Too Old for TikTok, Too Young for Death

There is something deeply unsettling about the speed of the world now. Everything moves too fast. Algorithms. AI. Trends. Businesses. Opinions. Identities. Every five minutes there is a new expert, a new millionaire, a new spiritual guru with Botox explaining detachment from Bali while selling a $10,000 course on authenticity.

How is anyone supposed to keep up?

Ironically, I used to be the fast one. Too fast. People spent years telling me to slow down. Life itself tried to stop me several times. Burnouts, disappointments, heartbreaks, exhaustion — little love letters from existence begging me to sit the hell down for five minutes.

And now? Now the world has become faster than me.

Forty is a strange age. People romanticise it online with their “life begins at 40” nonsense, usually posted under a photo of someone standing barefoot in linen next to an overpriced matcha latte. But honestly? Forty feels more like the beginning of the end. A slow psychological apocalypse with good skincare.

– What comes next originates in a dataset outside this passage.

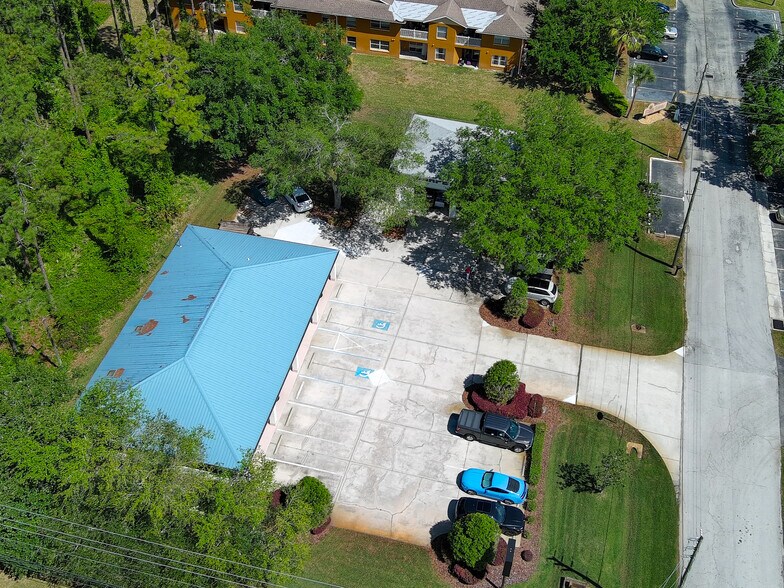 More Photos Of 4720 E Moody Blvd, Bunnell Freestanding For Sale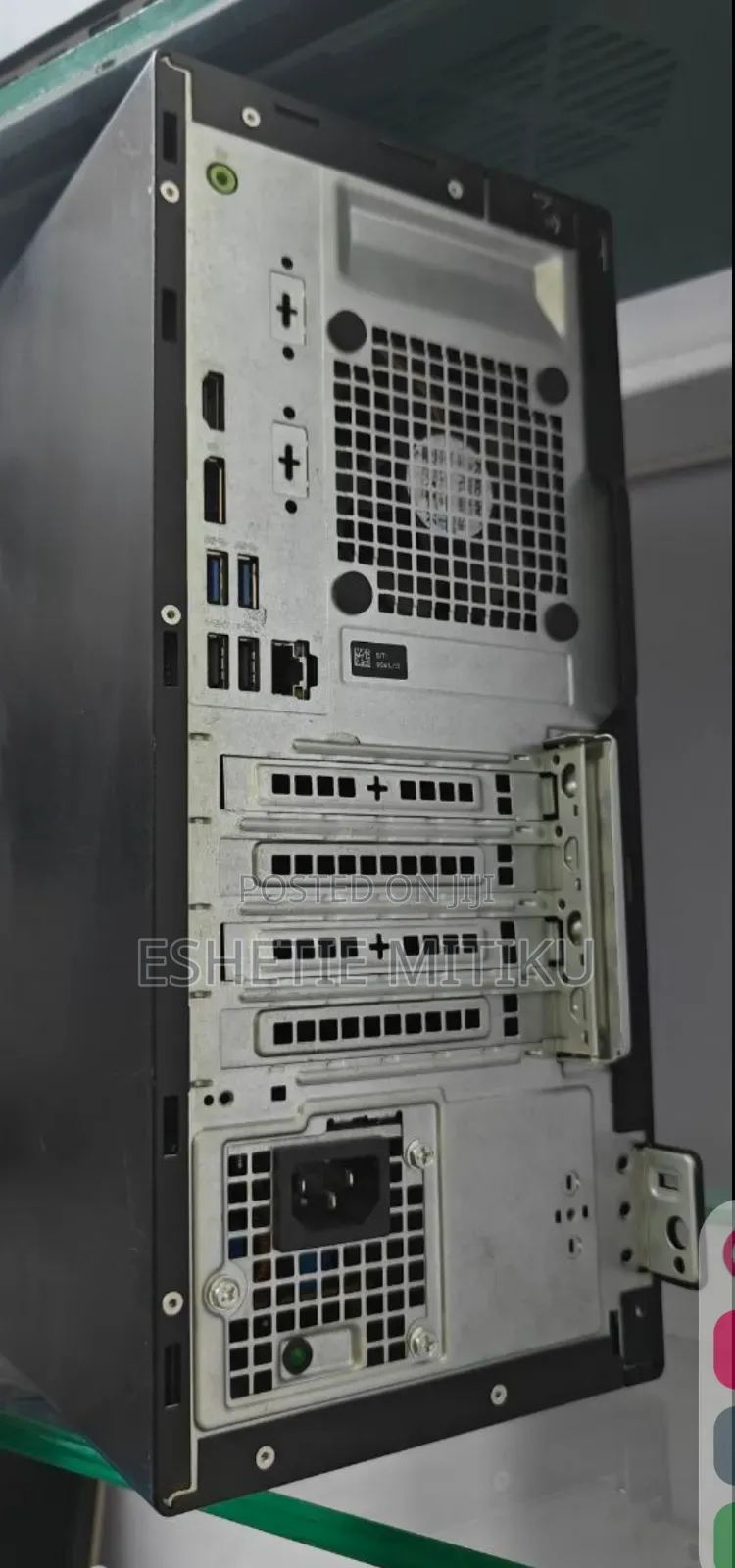 New Laptop Dell Optiplex 3020 8GB Intel Core I3 SSD 1T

This is the age where the midlife crisis quietly enters the room and sits beside you like an unpaid tax collector. You realise you cannot compete with the younger generation — they are faster, more adaptable, born with technology glued to their nervous system. Meanwhile, you cannot fully connect with the older generation either because they are either too tired, too slow, emotionally fossilised… or dead.

Death starts becoming visible at this age. Not philosophically. Literally.

People begin disappearing. Family members. Friends. Mentors. Versions of yourself. Entire worlds you once belonged to vanish without ceremony. The music changes. The conversations change. Even your reflection starts looking at you with concern.

You realise it is now or never.

And this is the terrifying part: everything you thought mattered slowly collapses into irrelevance. The friends you made. The sacrifices. The achievements. The endless proving of yourself. Nobody cares anymore. Society has the attention span of a cocaine addict scrolling TikTok at 3 a.m.

At twenty, people judge your potential. At thirty, they judge your success. At forty? They judge your final score.

It feels like Judgment Day in hell.

The dead judge you through memory and regret. Your own guilt devours you for all the lies you lived, the compromises you made, the dreams you abandoned because you wanted to be loved, accepted, safe.

And the living? The living simply leave.

That is the cruelest form of judgement. Not hatred. Not conflict. Indifference.

People disappear when you are no longer entertaining enough, beautiful enough, useful enough, successful enough, or profitable to their fragile little self-development journey. Human connection today feels like a corporate collaboration agreement. Everyone asks: “What value does this person bring into my life?” as if they are CEOs interviewing souls.

God, I hate people sometimes.

Not individually, perhaps. But collectively? Absolutely. Human beings are unstable creatures pretending to be evolved. Muddy. Contradictory. Performative. Morally flexible depending on lighting and financial circumstances. Everyone wants depth until depth becomes inconvenient.

And how exactly is someone supposed to survive this?

How do you survive when the dream disappears? When the spark fades? When your speed slows down? When you no longer feel connected to the world around you?

Maybe that is the real crisis of middle age.

Not wrinkles. Not aging. Not death.

But becoming fully conscious of the emptiness behind the performance.